Sayar, toplumumuz için şu tespiti yapıyor: “Erkeklerinin ağlaması ayıplanan, kadınlarının ise sünger gibi her derdi emen, bütün sıkıntıları sinesine çeken ama bunu asla dışarı aksettirmeyen, ailenin temel direği olduğu bir doğu toplumuyuz. Paratoner gibi sıkıntıları çeken ama hislerini dışarıya asla yansıtmayan bay ve bayanların buna karşılık nedensiz sağlık sorunları ortaya çıkıyor. Sık sık depresyona giriyor, panikatak oluyor. Ülkemiz de ani kalp krizi oranı oldukça yüksektir.” Aleksitimi oranı psikiyatrik hastalıklarda % 31. Sayar, buna ek olarak sokaktaki her 10 kişiden birinin aleksitimik olduğunun altını çiziyor. İlginç olan nokta ise aleksitimide eğitim seviyesinin önemli bir etken olması. Bireyin kelime haznesi ne kadar düşük ise aleksitimik olma ihtimali o kadar yüksek oluyor. Çünkü duyguların ifade edilmemesi ve duyguların ayırt edilememesi olarak tanımlanan aleksitimi, duygularını anlatacak ne kadar çok kelime bilinirse o kadar duygular ifade imkanı bulur. Dolayısıyla aleksitimide eğitimsizlik daha baskın bir etken.
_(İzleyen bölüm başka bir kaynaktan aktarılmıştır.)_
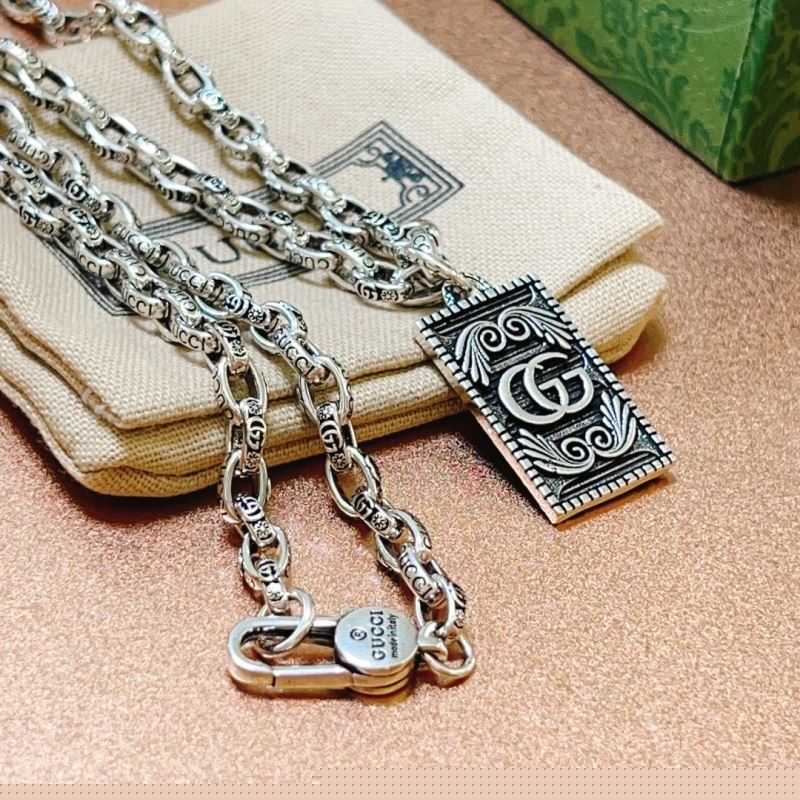 G*u*i necklaces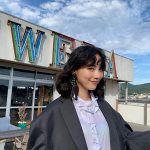 のん、虹色に輝くシャツ＆ゆるふわヘアの野外オフショ公開に「可愛い」「髪型エモい」の声！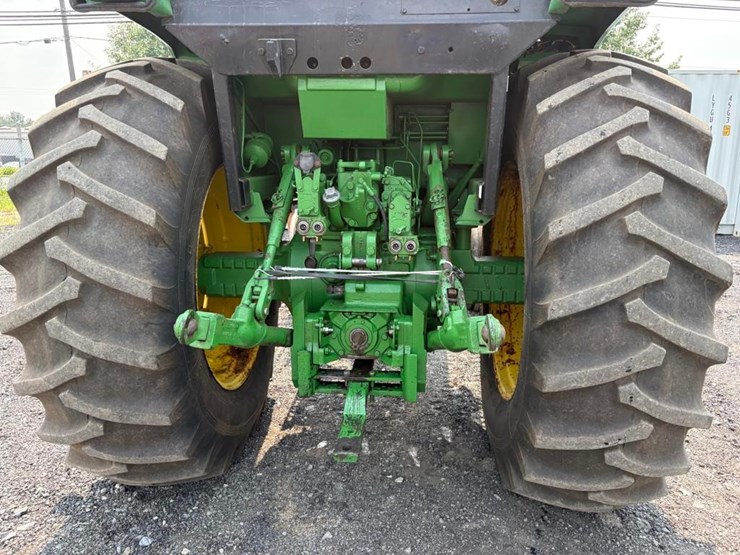 john-deere-4440-image-15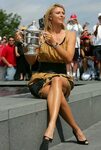 PixelBomb.com - Maria Sharapova exposed her long legs - expo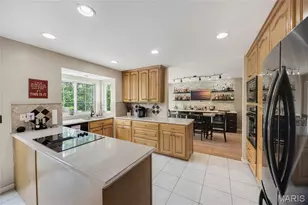 1215 Summerpoint Ln, Fenton, MO 63026 - Photo 7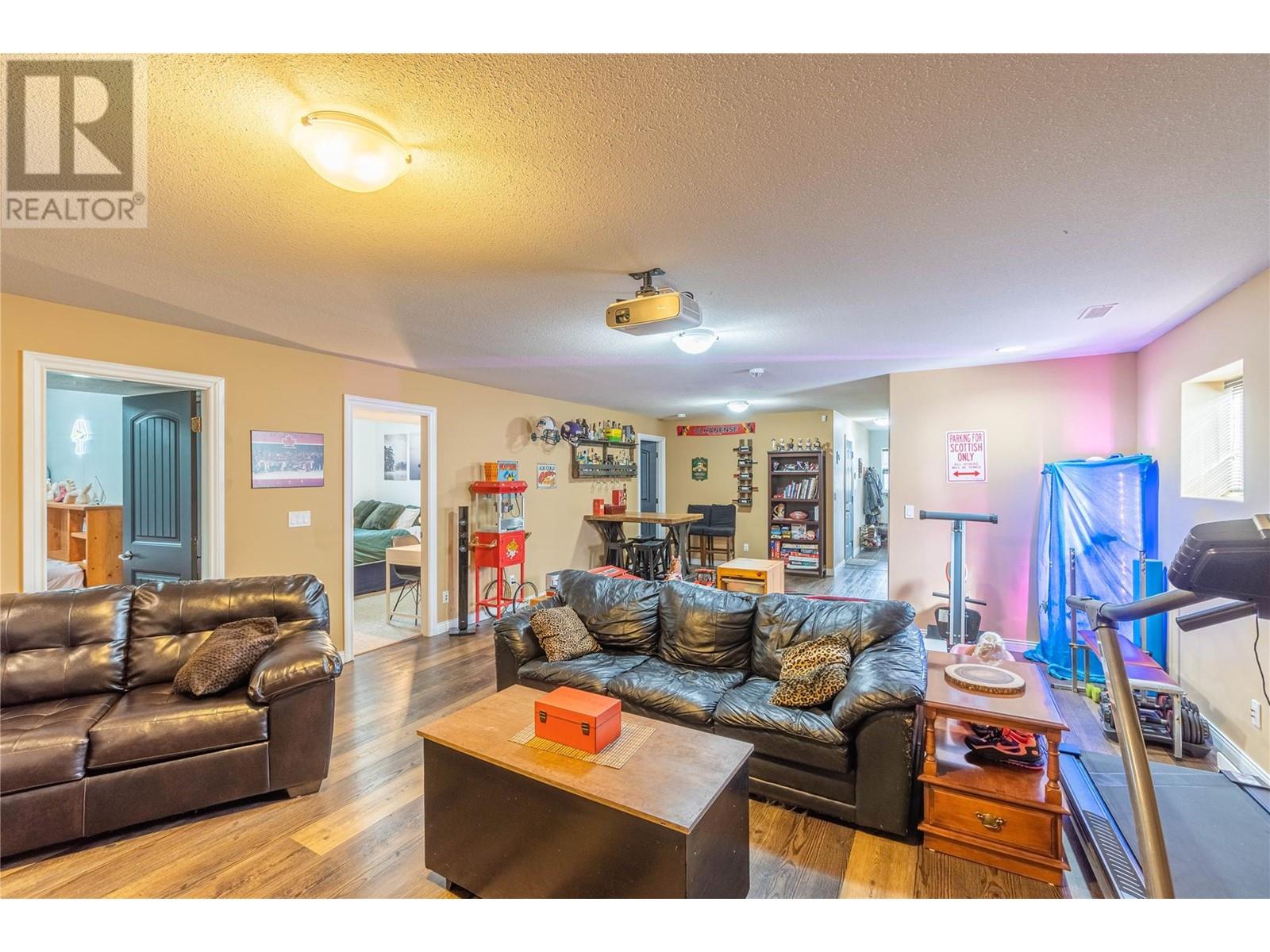 2955 Kicking Horse Drive, Kamloops, British Columbia  V2E 2L8 - Photo 29 - 10342231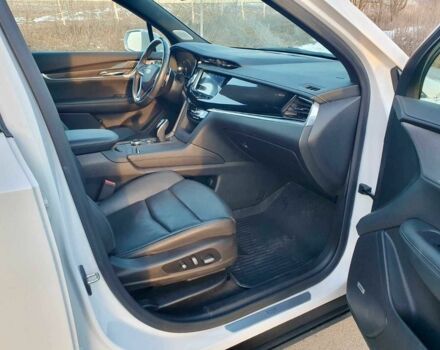 Белый Кадиллак XT6, объемом двигателя 3.6 л и пробегом 33 тыс. км за 32000 $, фото 10 на Automoto.ua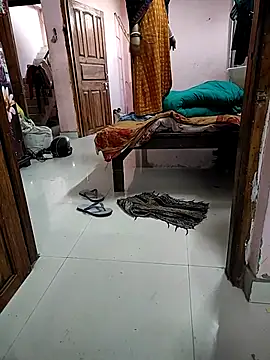 COUPLLE VILLAGE online show from 11-18-25, 03:10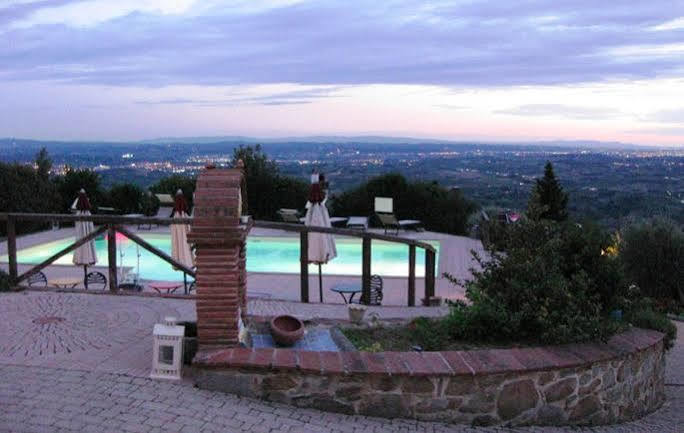 Casa Vacanze La Porta Vinci Exterior photo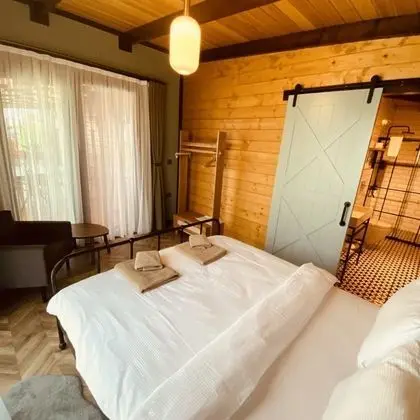 Dağ Evi, Şehir veya Dağ Manzaralı, Verandalı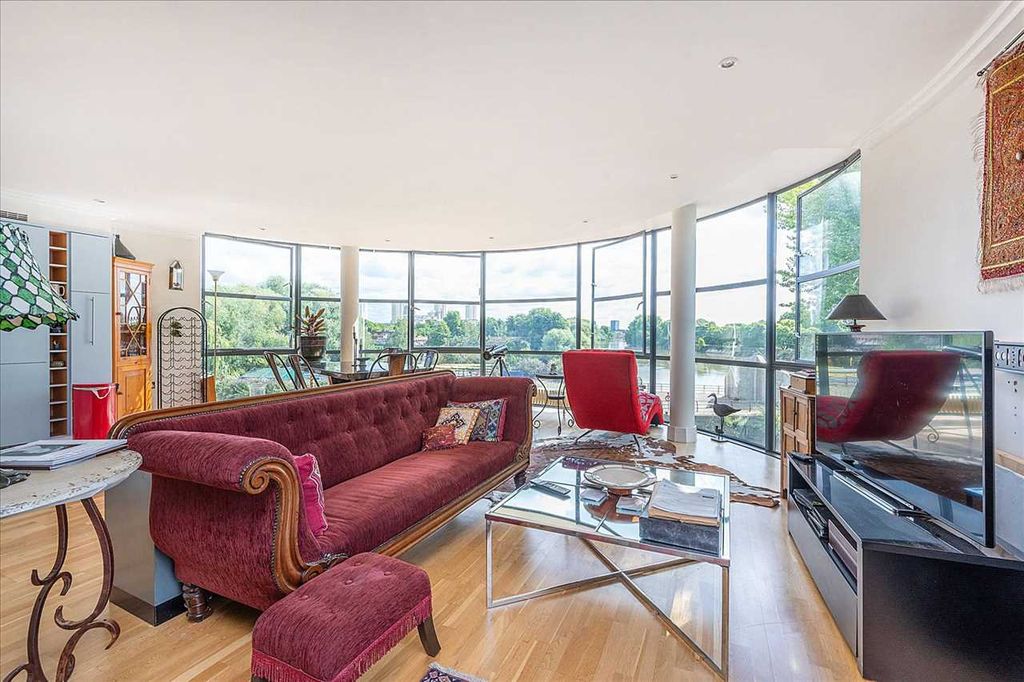 Property photo 1 of 14 Main Picture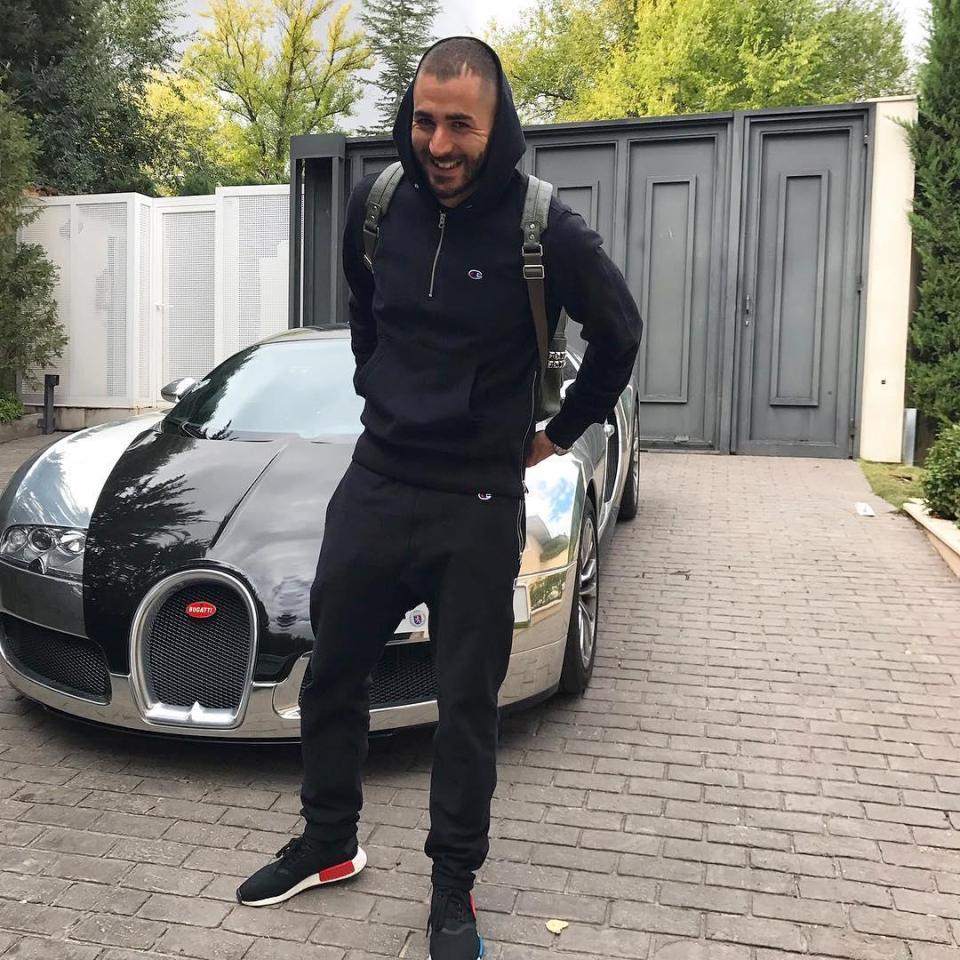  Living life in the fast lane, Karim Benzema's Bugatti Veyron is fast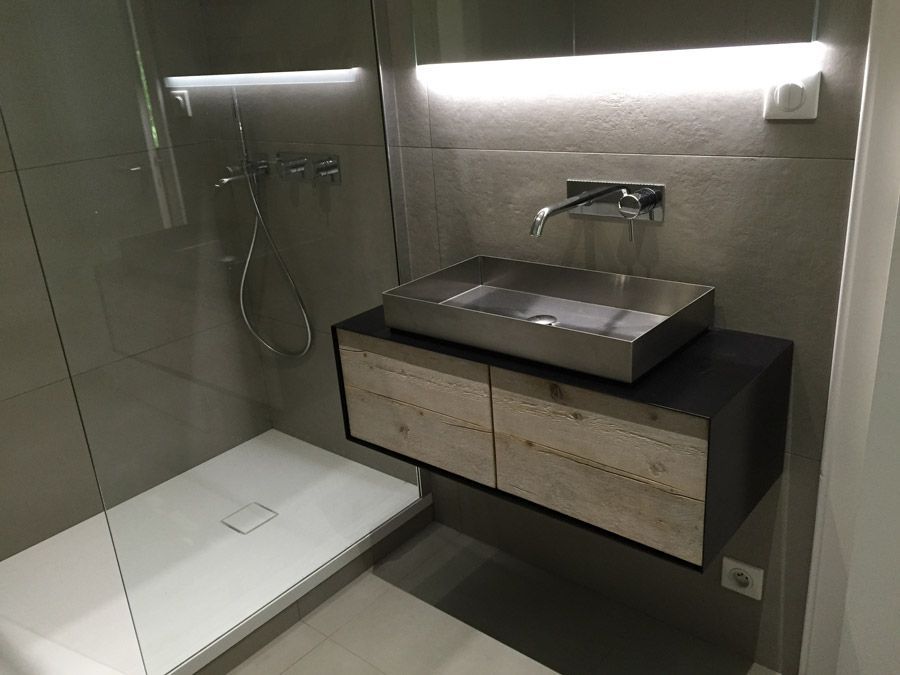 Une salle de bain avec un lavabo et une douche à l'italienne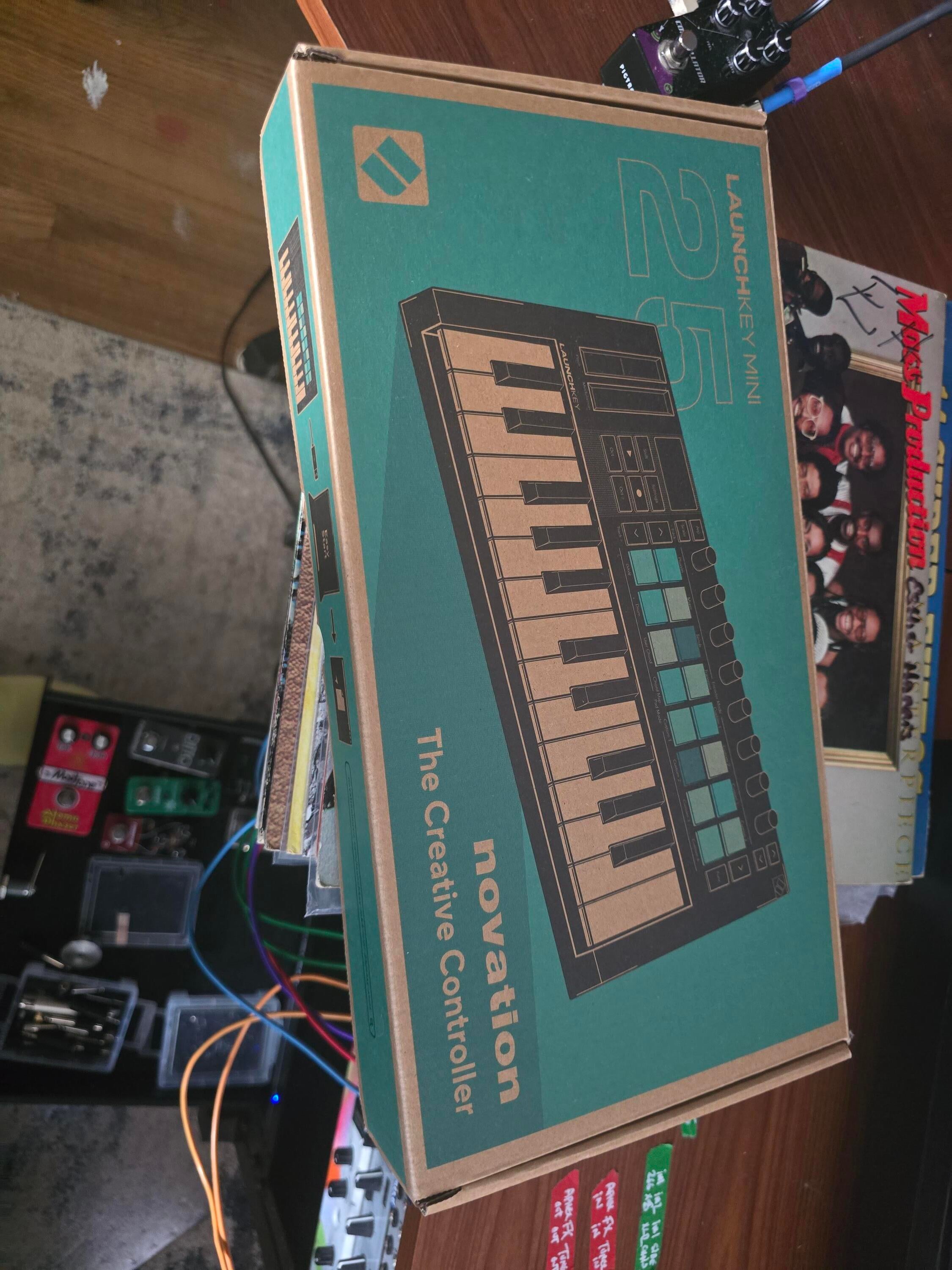 Used Novation Launchkey Mini 25 MK4 - Sweetwater's Gear Exchange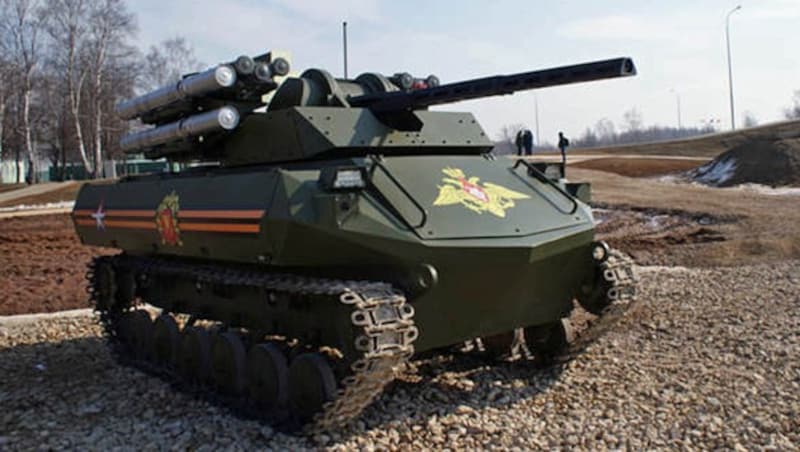 Russlands Uran-9-Kampfroboter sieht aus wie ein Miniatur-Panzer. (Bild: rostec.ru)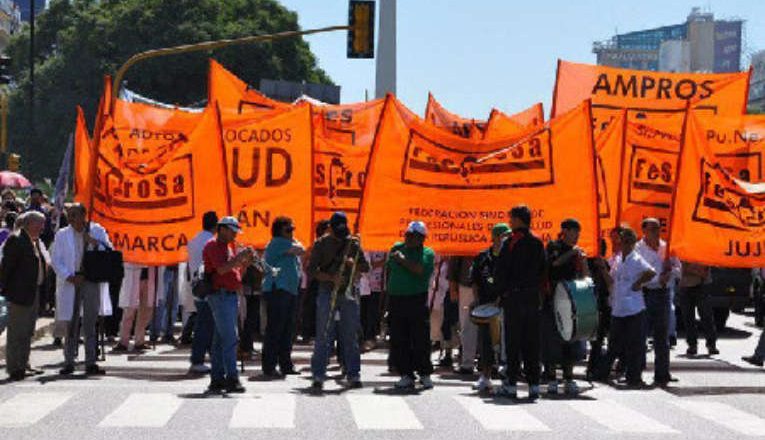 Preocupación entre el personal de la salud por el retorno de quienes tienen comorbilidades al trabajo y por contagios masivos en el Hospital de Niños entre vacunados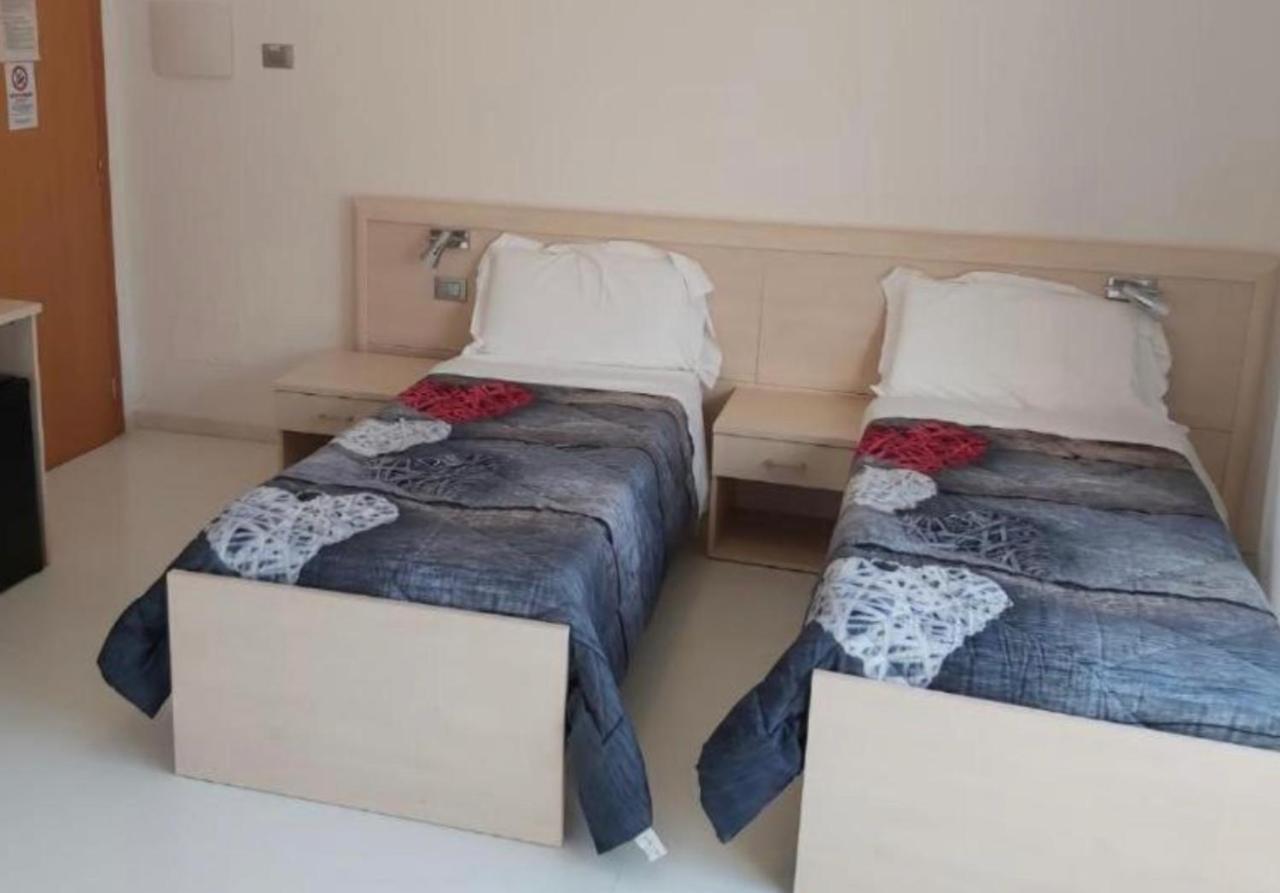 Domus Madi Bed & Breakfast Pieve di Cento Bagian luar foto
Sayar, ailelerin çocuklarının aleksitimik olmaması için duygularını ifade edebilecekleri imkan ve ortamları sağlaması gerektiğini söylüyor. Sayar, “eğer anne çocuğun duygusal ihtiyacına karşılık ver(e)meyen bir anne ise örneğin altını ıslattığında, karnı acıktığında ya da okşanmak istendiğinde hemen karşılık vermiyorsa çocuk bir süre sonra anneye karşı güvenli bir bağlanma duymuyor ve anneye karşı duyarsızlaşıyor. Çocukluk döneminde sevilme ihtiyacı yeterli ve iyi karşılaşmamışsa çocukların aleksitimik olma ihtimali fazla. Çocuklukta travma yaşayan ya da yeterli ilgi ve sevgi gösterilmeyen çocuklar bu duygusal örselenmelerle baş edebilmek için duygu dünyasının kepenklerini indiriyor. Duygusal açıdan dünyaya kapalı bir birey oluyor.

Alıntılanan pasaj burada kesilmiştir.